TASK DIRECTIONS. Retype the lines of the listing below exactly, but only those from the one containing "chicjuly Lily Of" through the last line; pictures stay out.

DATA FOR REVIEW.
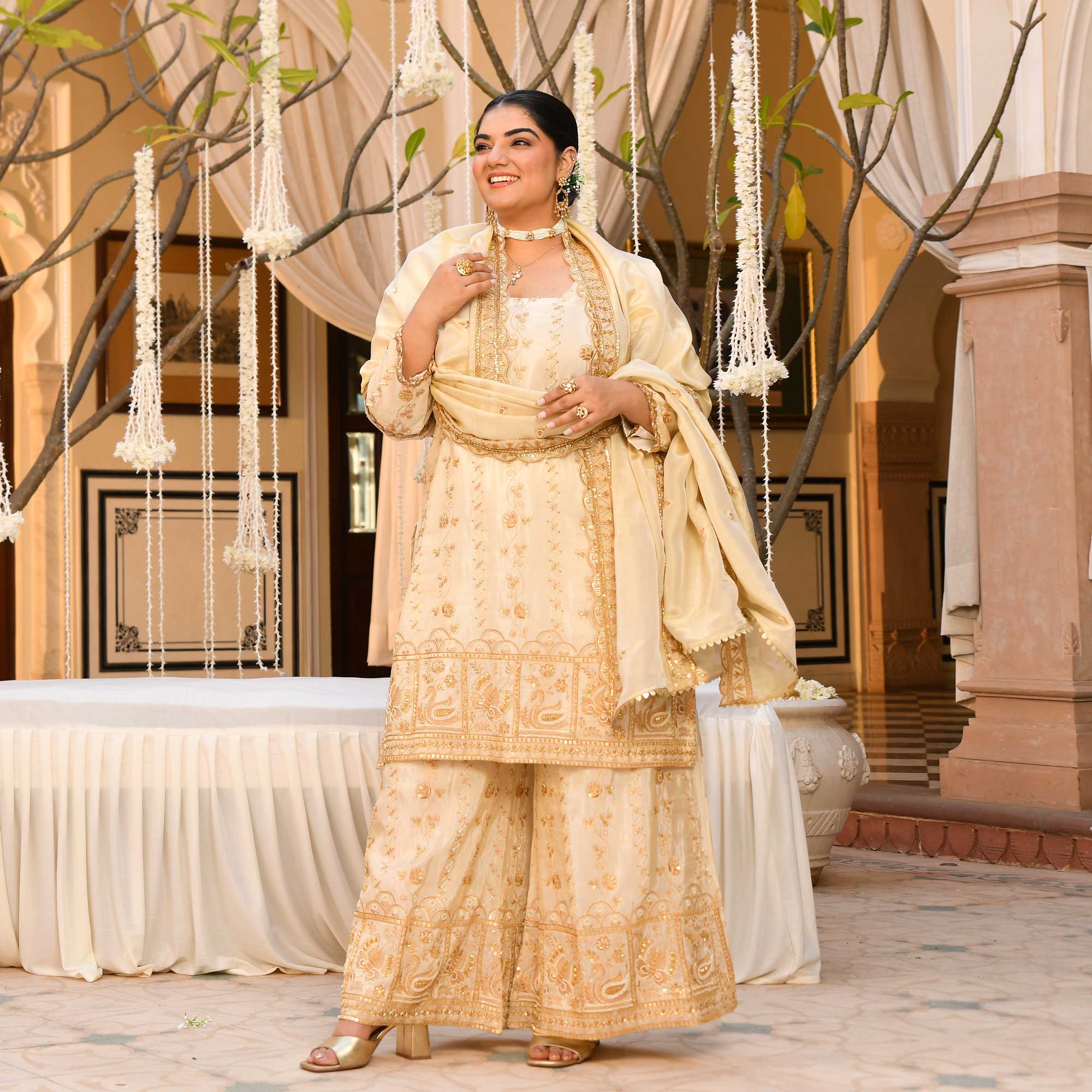KALKI - Ivory & Gold Cutdana Embroidered Pure Tissue Silk Suit Set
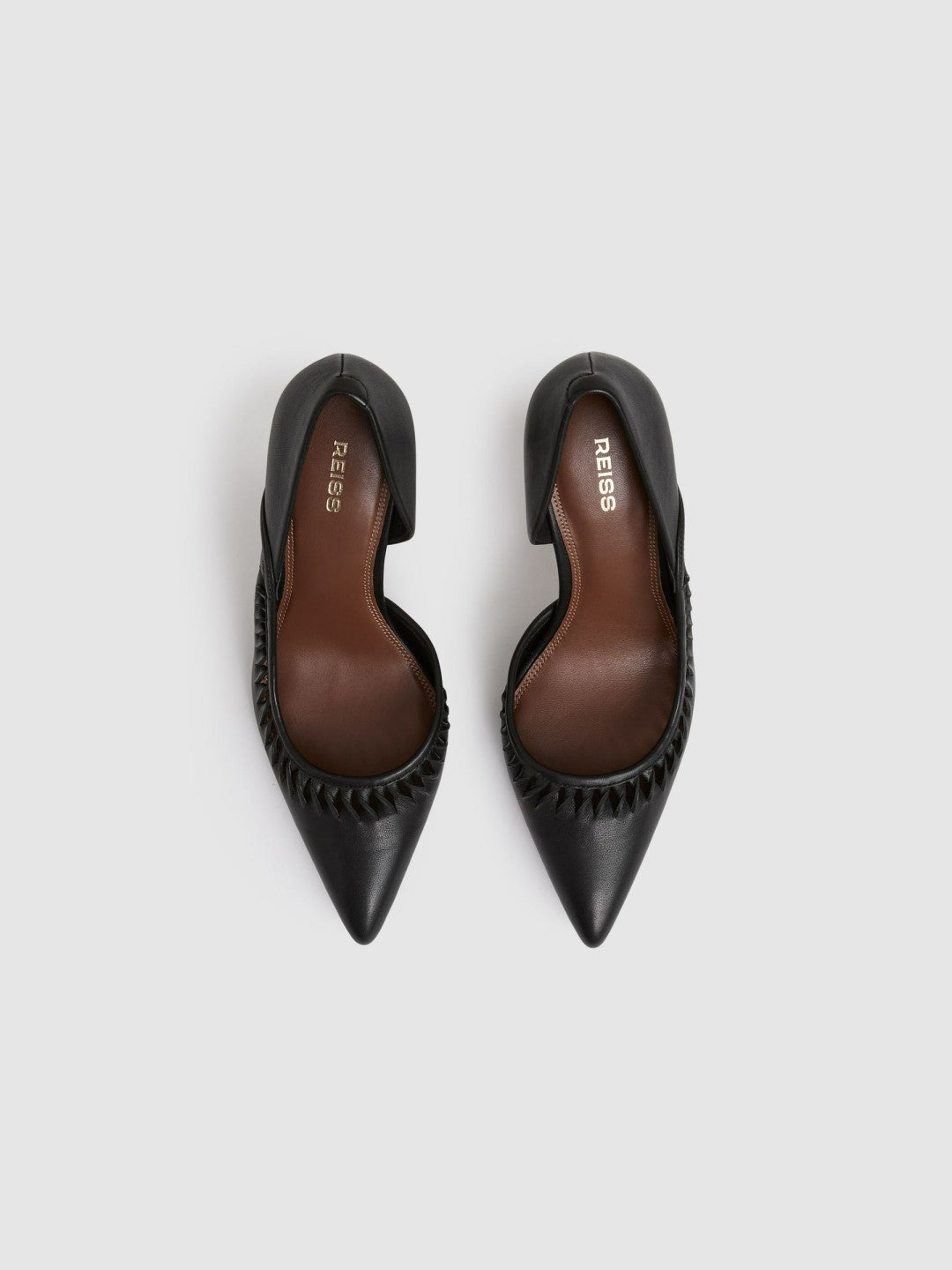 Leather Twist Detail Court Shoes in Black Women | Reiss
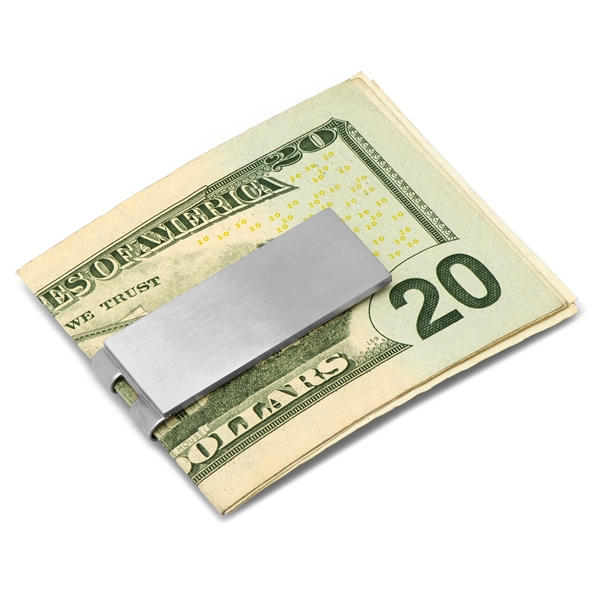 Brushed Stainless Steel Engravable Money Clip - Image 2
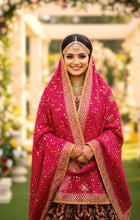 Load image into Gallery viewer, red bandhani dupatta,bandhani dupatta silk,pink bandhani dupatta,georgette banarasi dupatta,heavy bandhani dupatta,blue bandhani dupatta,green bandhani dupatta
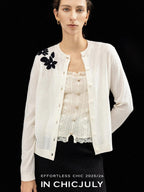 chicjuly Lily Of The Valley Pearl Embroidered Women's Superfine Wool Cardigans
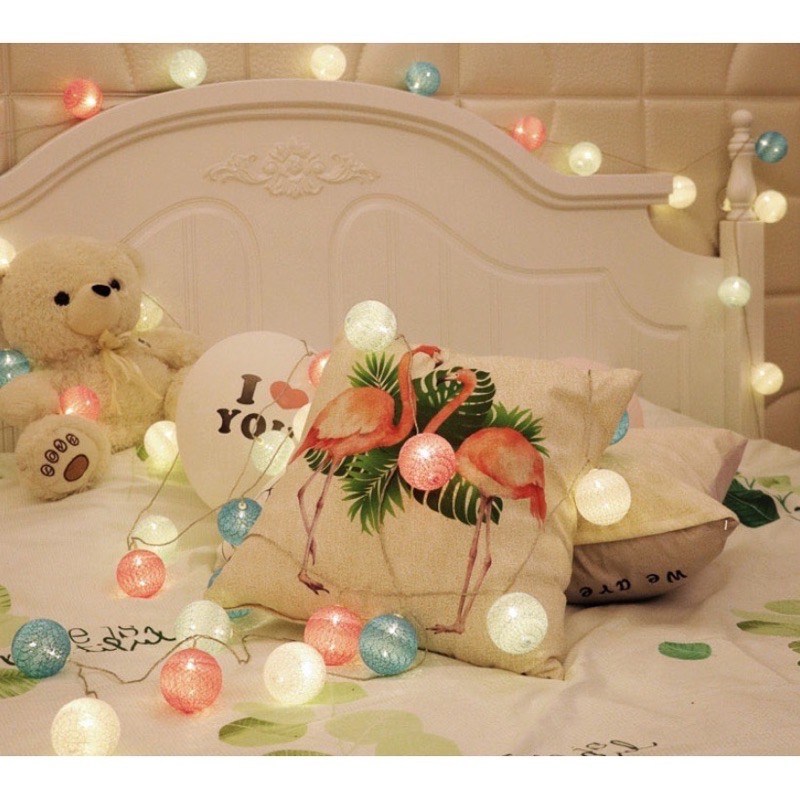 Bộ 20 banh vải gắn dây đèn LED thiết kế độc đáo cho dịp giáng sinh, trang trí nhà cửa siêu đẹp và tinh tế - hàng có sẵn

RESPONSE AREA.
 chicjuly Lily Of The Valley Pearl Embroidered Women's Superfine Wool Cardigans
 Bộ 20 banh vải gắn dây đèn LED thiết kế độc đáo cho dịp giáng sinh, trang trí nhà cửa siêu đẹp và tinh tế - hàng có sẵn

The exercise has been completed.